(by Ming Tsou, November 05, 2012, 11:59pm). firstname.lastname@example.org, Professor of Geography, San Diego State University)
Tomorrow is the election day for the 2012 U.S. Presidential Election. Who will win the election? That’s probably the most expensive answer now on the Earth. Hundreds of different “predictions” and “analysis” are available on TVs, Radios, Newspapers, and various media. Can the new generation of media – social media — help us to predict the election results? Our CDI project team humbly presented some preliminary finding so far for the election analysis. Our verdict is “YES, but not today”.

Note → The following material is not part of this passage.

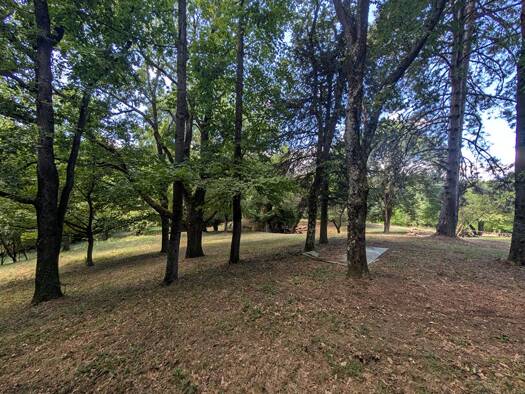 Terrain à vendre 320 000 € 16 000 m² de terrain Les-Collines Vienne 38200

Before I elaborate on the results, I would like to acknowledge the wonderful works conducted by our great research team and our graduate students, especially Jay Yang, Su Han, and Daniel Lusher. They worked days and nights on the design of Twitter APIs, SQL databases, data clean and analysis, and map creations.
Figure 1 illustrates the DAILY comparison between the total numbers of Tweets containing the “Obama” keyword and the total numbers of Tweets containing the “Romney” keyword in TOP 30 U.S. Cities (combining all 30 cities’ tweet frequency numbers, 1.87 millions tweets total). One important concept in the tweets is that there are lots of “noises”, “errors”, “biases”, and “distortion” within the BIG DATA – tweets. Over 30% of tweets are RT (re-tweets) and over 20% of tweets are generated by “robots” or media tools (based on our preliminary analysis). The higher number of tweets associated with keywords may not indicate the supporting rate or true popularity. We like to use the term “attention” rather than “popularity” to indicate higher numbers of tweets with the keyword. Sometime, higher attention may be associated with negative comments or dislike tweets. Another potential problem is that we only collect tweets from the 17 miles radius of major U.S. Cities, where the urban population profile may prefer Democrat candidates.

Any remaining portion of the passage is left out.